§ **WHAT IS NEEDED**: All lines in the records below from the line with "L.L. Bean Women’s" through the line with "DHAEY Laptop Briefcase" are to be given again exactly, both ends included; the pictures are to be left out.

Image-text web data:
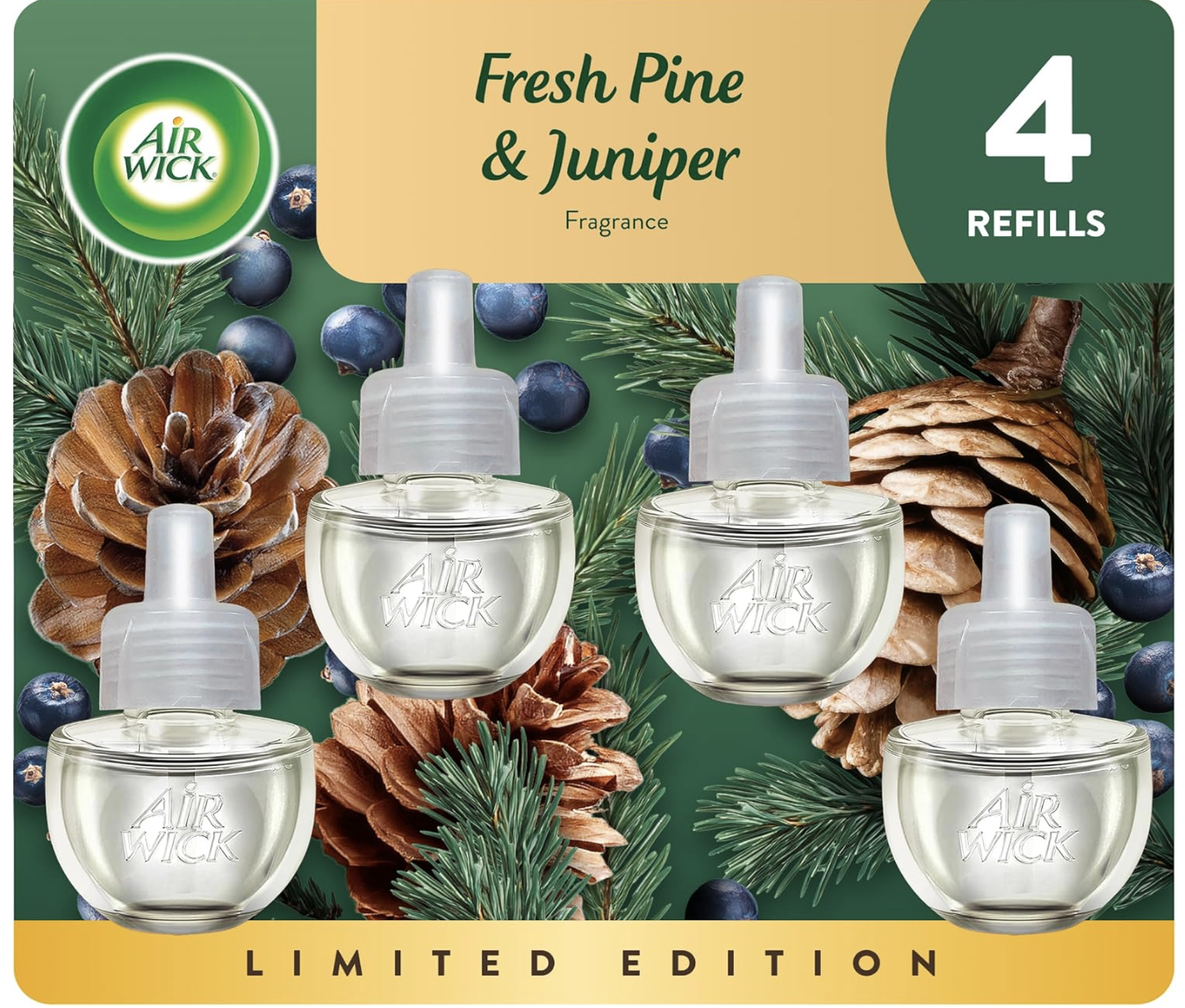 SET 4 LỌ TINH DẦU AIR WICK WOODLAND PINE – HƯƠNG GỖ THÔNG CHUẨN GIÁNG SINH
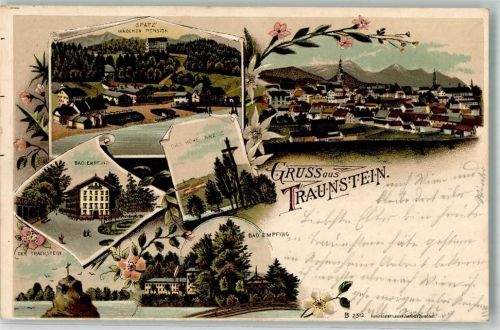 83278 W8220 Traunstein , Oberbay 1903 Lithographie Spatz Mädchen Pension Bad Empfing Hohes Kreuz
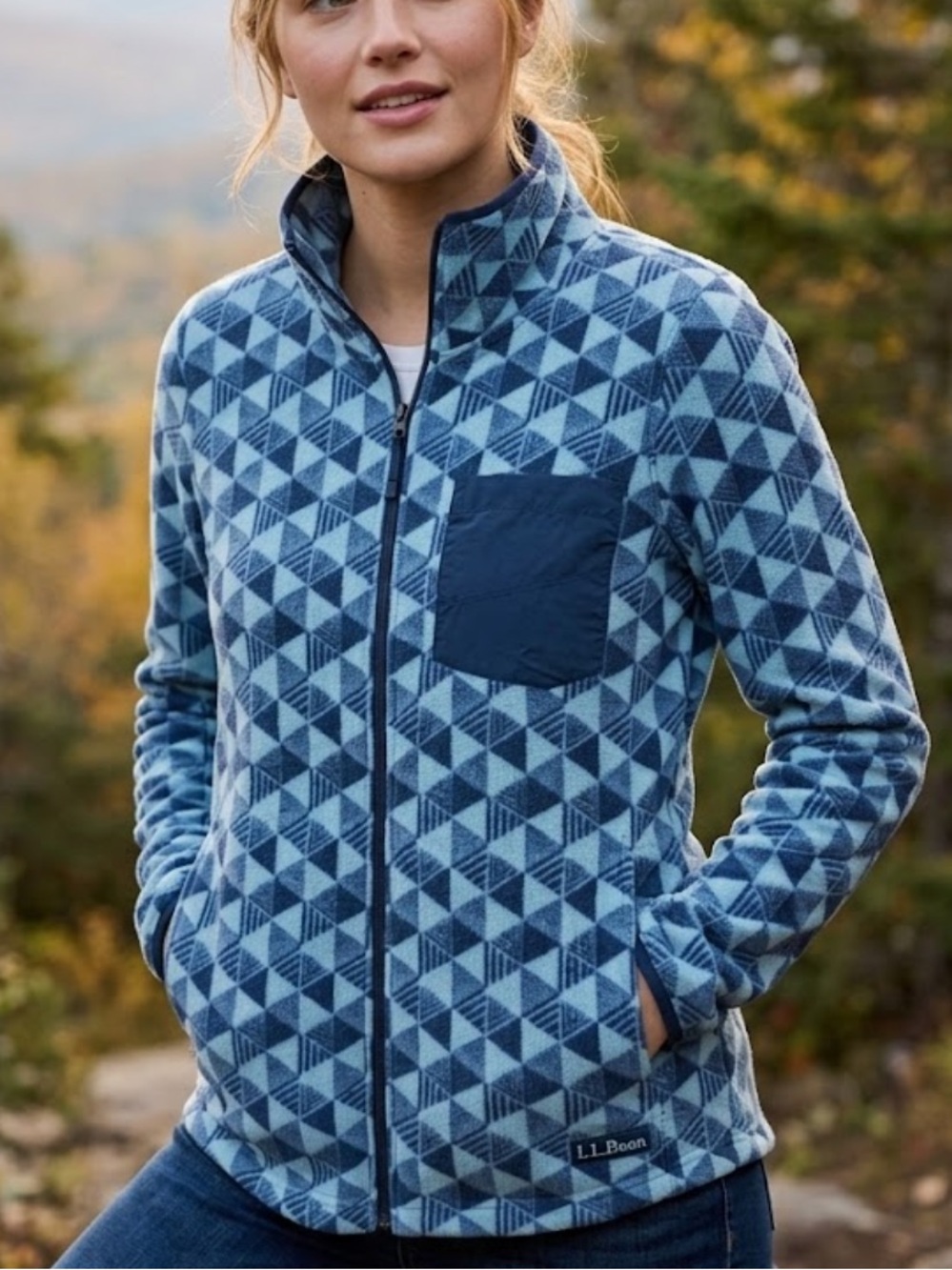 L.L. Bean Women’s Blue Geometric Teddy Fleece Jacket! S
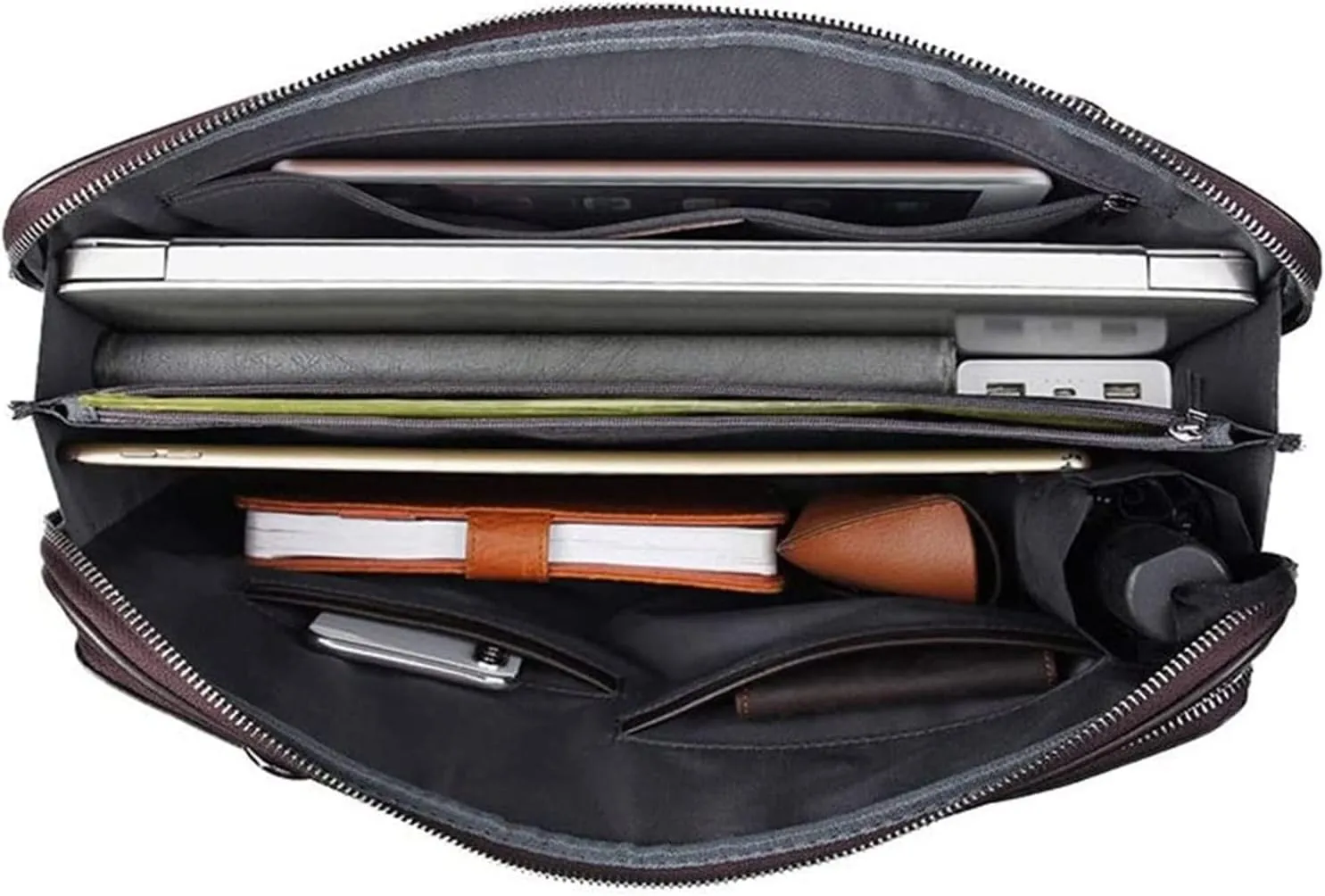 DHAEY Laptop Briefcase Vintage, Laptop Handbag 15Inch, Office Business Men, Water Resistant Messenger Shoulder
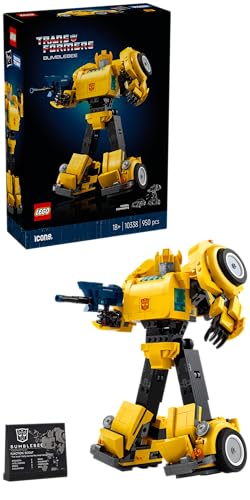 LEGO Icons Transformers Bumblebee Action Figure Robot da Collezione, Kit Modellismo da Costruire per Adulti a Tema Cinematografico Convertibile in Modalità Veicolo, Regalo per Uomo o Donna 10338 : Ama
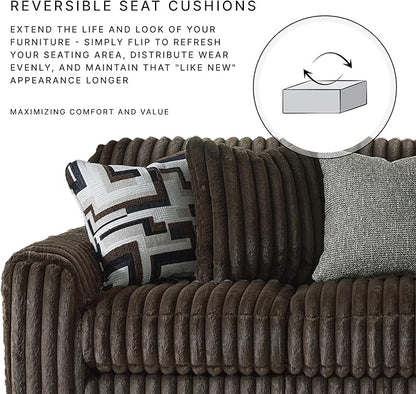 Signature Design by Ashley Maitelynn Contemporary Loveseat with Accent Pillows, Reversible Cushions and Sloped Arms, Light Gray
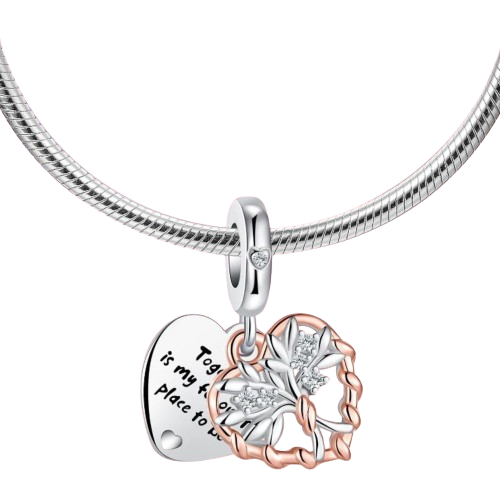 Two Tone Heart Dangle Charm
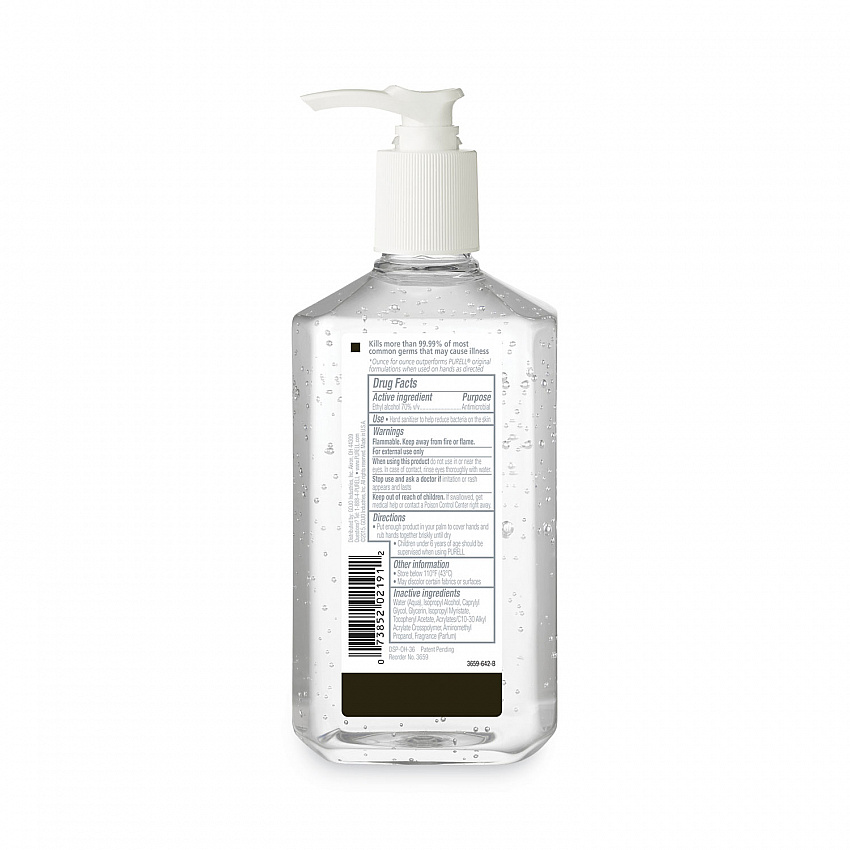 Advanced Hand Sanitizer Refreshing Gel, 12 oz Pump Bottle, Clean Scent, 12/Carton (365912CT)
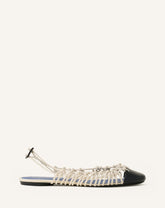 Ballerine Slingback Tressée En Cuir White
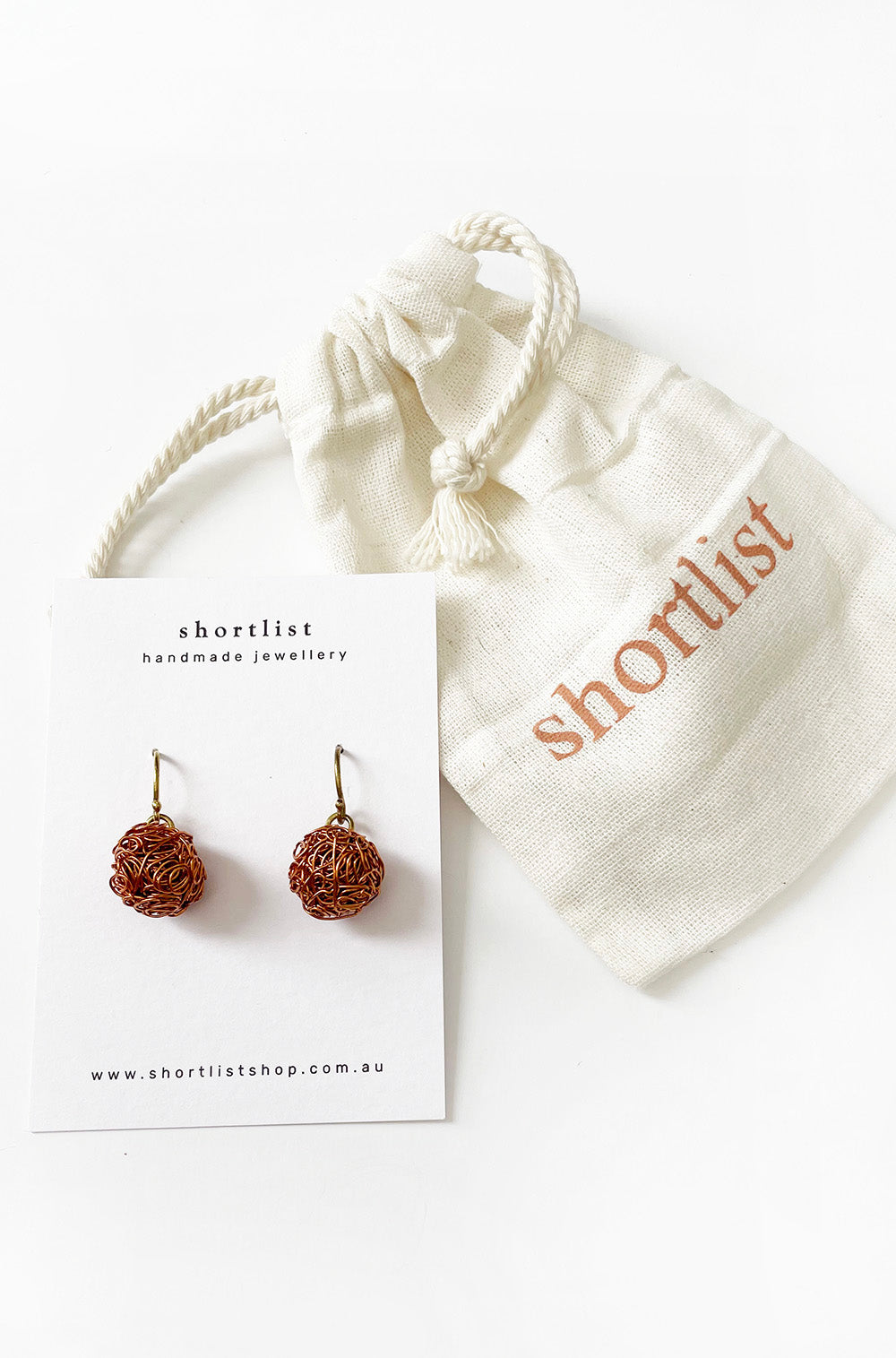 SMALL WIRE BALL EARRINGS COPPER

§ **REPLY**:
 L.L. Bean Women’s Blue Geometric Teddy Fleece Jacket! S
 DHAEY Laptop Briefcase Vintage, Laptop Handbag 15Inch, Office Business Men, Water Resistant Messenger Shoulder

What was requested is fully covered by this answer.